__THE TASK__.
Give the data again exactly, without images.

__DATA SEGMENT__.
------------------------------------------------------------
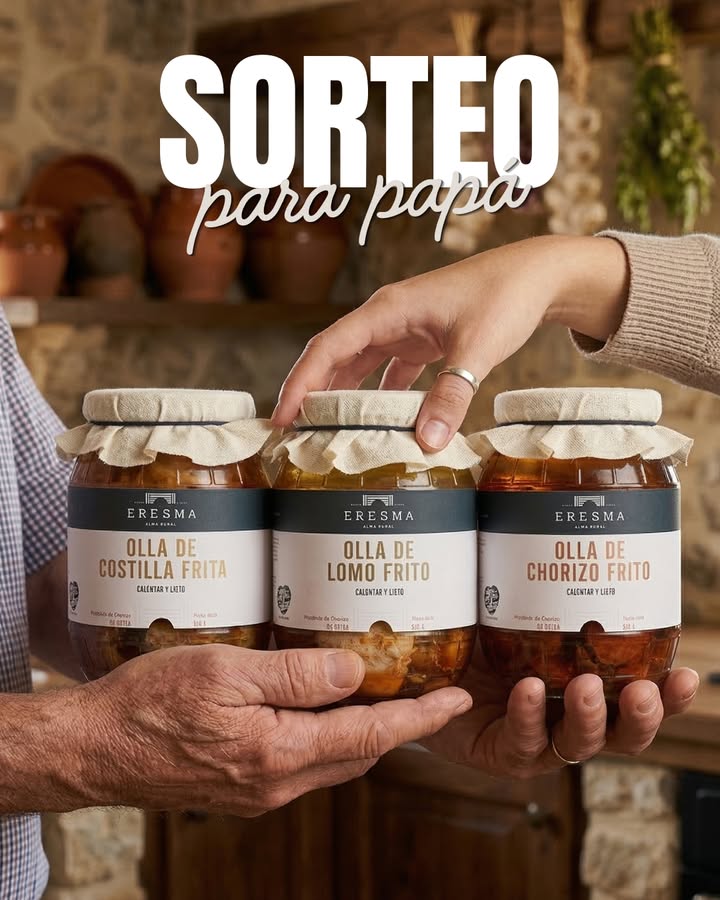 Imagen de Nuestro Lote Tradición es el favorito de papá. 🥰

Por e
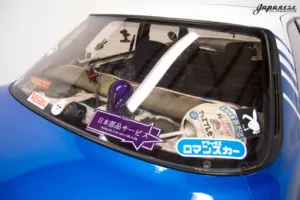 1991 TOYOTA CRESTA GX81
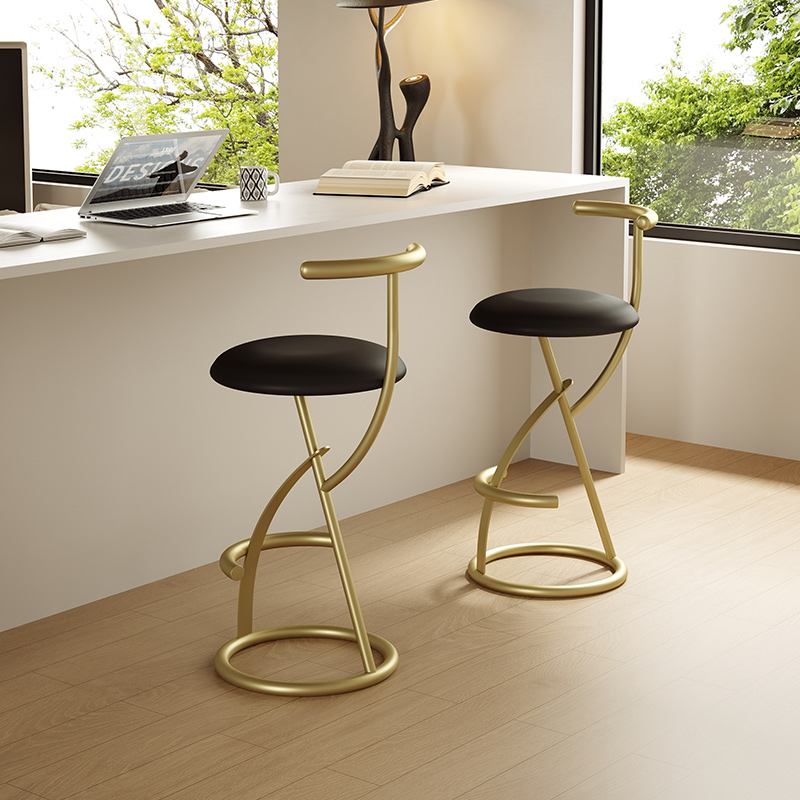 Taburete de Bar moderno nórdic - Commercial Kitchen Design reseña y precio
------------------------------------------------------------
__RESPONSE AREA__.
 Imagen de Nuestro Lote Tradición es el favorito de papá. 🥰

Por e
 1991 TOYOTA CRESTA GX81
 Taburete de Bar moderno nórdic - Commercial Kitchen Design reseña y precio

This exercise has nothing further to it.